After finding the line with "4-4.5mm Sunstone Heshi" in the data below, set down exactly each line through the one with "Akita Full Face", inclusive, and stop there.

PROVIDED MATERIAL:
━━━━━━

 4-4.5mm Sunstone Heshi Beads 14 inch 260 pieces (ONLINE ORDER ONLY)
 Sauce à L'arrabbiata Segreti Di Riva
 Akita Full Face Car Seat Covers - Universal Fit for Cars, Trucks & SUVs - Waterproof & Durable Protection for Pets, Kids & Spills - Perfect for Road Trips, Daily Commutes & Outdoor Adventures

━━━━━━

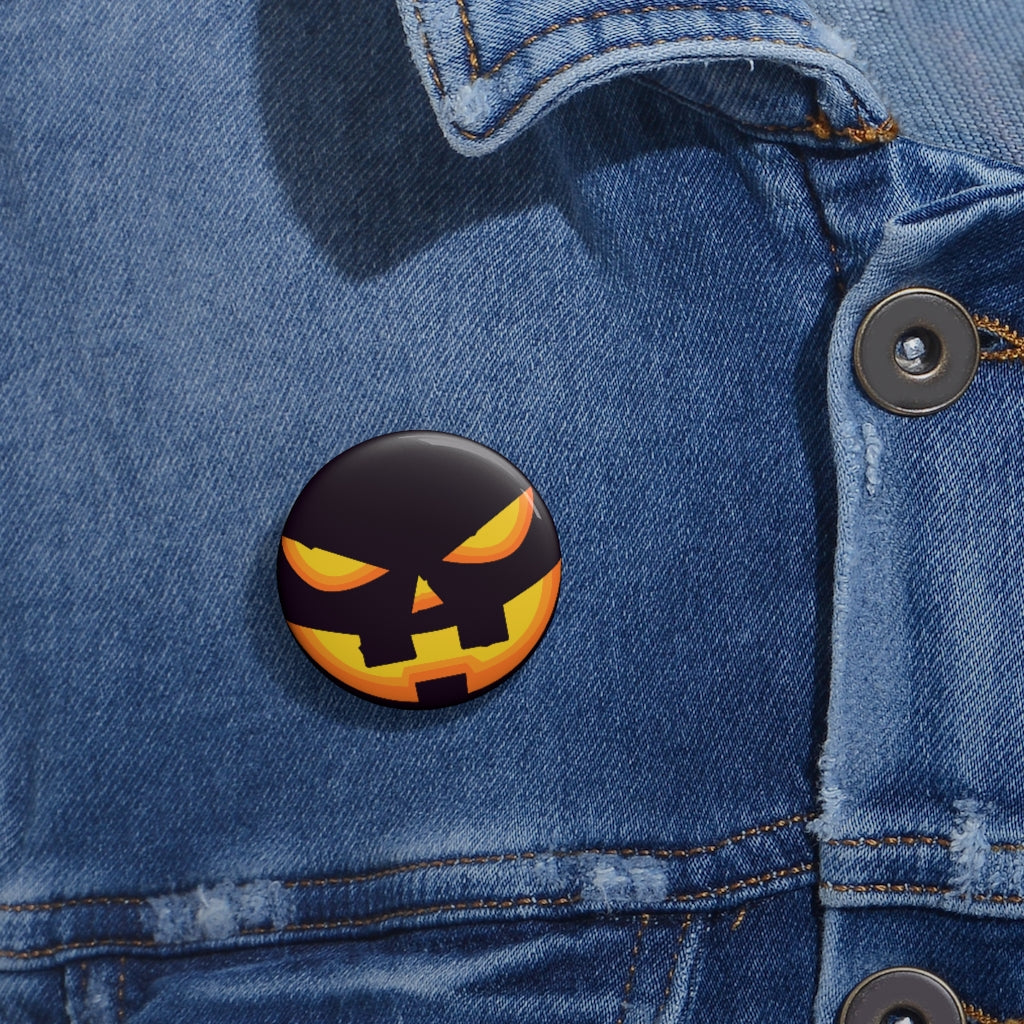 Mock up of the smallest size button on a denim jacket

━━━━━━

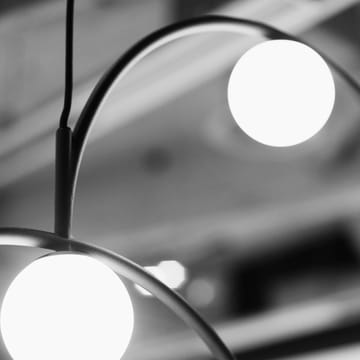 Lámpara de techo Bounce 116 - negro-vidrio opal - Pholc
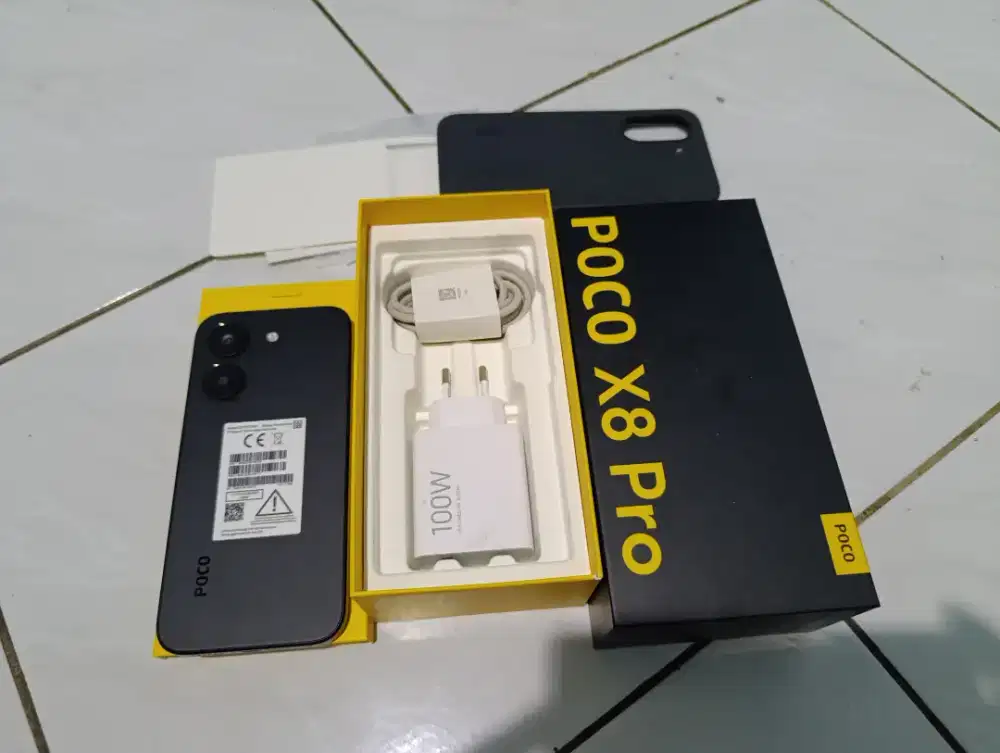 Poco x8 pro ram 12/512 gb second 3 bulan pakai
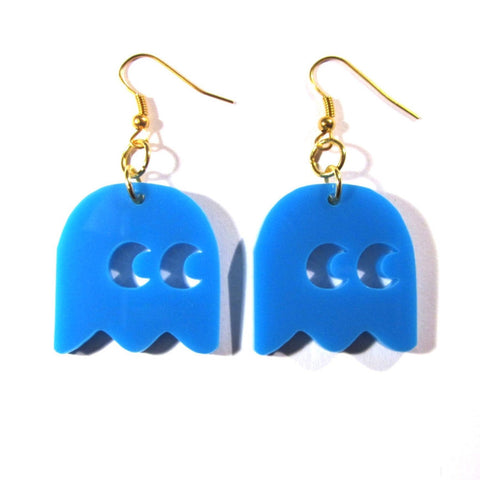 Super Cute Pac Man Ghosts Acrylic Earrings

━━━━━━

EXERCISE OUTPUT:
 4-4.5mm Sunstone Heshi Beads 14 inch 260 pieces (ONLINE ORDER ONLY)
 Sauce à L'arrabbiata Segreti Di Riva
 Akita Full Face Car Seat Covers - Universal Fit for Cars, Trucks & SUVs - Waterproof & Durable Protection for Pets, Kids & Spills - Perfect for Road Trips, Daily Commutes & Outdoor Adventures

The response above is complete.